The story revolves around Daphne, who is transformed into a tree by her father, to turn away Apollo, the god of sun and music, who is in love with her. She wants to remain unmarried and worship goddess Diana. The tree, in this narrative, becomes a banyan, and the goddess, Kali.
“Though the story is not from here, the women relate to the symbols, which are universal,” says Miranda.
Towards the end of a practise session on Thursday, the performers huddle together and Miranda throws the floor open. What do they think of the protagonist turning into a tree? One of the women says remaining as a tree would mean being solitary, devoid of companionship. Another equates the tree to a goddess and calls it sacred. “Each one interprets it differently,” says Miranda, who has held workshops for the staff and residents of The Banyan, earlier in 2013, as well.
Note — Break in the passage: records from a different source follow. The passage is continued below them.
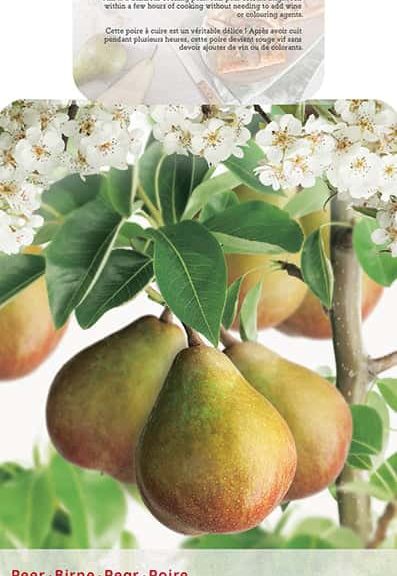 Pyrus Gieser Wildeman
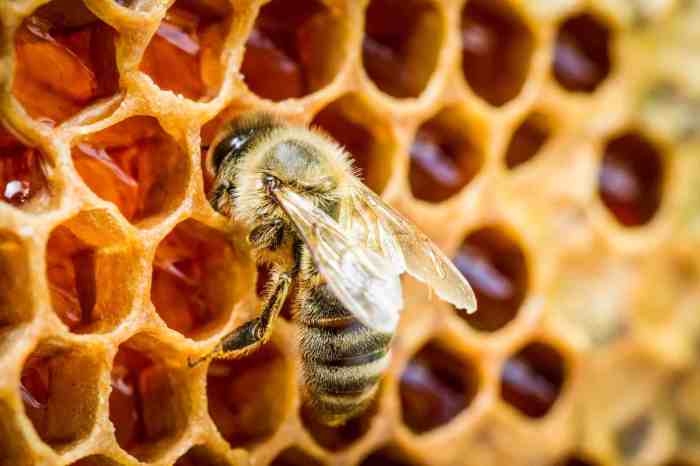 How to make a honey decoration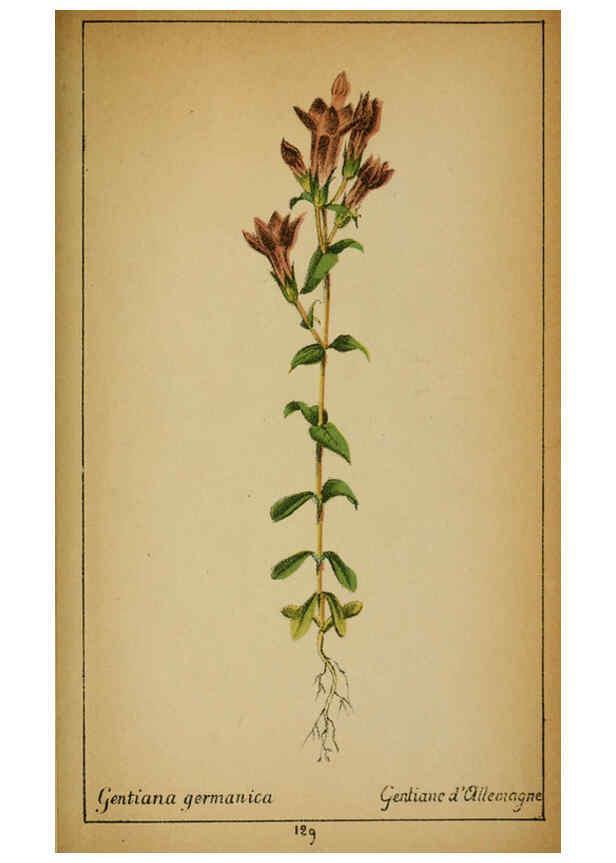 Reproducción/Reproduction 6032235262: Choix de plantes de l'Europe centrale et particulièrement de la Suisse et de la Savoie Genève,F. Richard,1878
Akhila Ramnarayan, theatre actor and writer, who is also part of the performance, says Miranda levels the playing field and there is no distinction between the NGO’s residents and the artistes. “There is so much empathy in that room. If art cannot transform the artiste, it cannot transform the audience,” she says.
Gheerthiga Subramaniam, one of the dancers, says the women bring so much honesty and spontaneity to the performance that she is responding to them, more than concentrating on technique.
What is going to be staged on Saturday is really a sketch, says Miranda. “As an artiste, it is quite liberating to invite the audience before the piece is complete, to let them be a part of the process,” she says.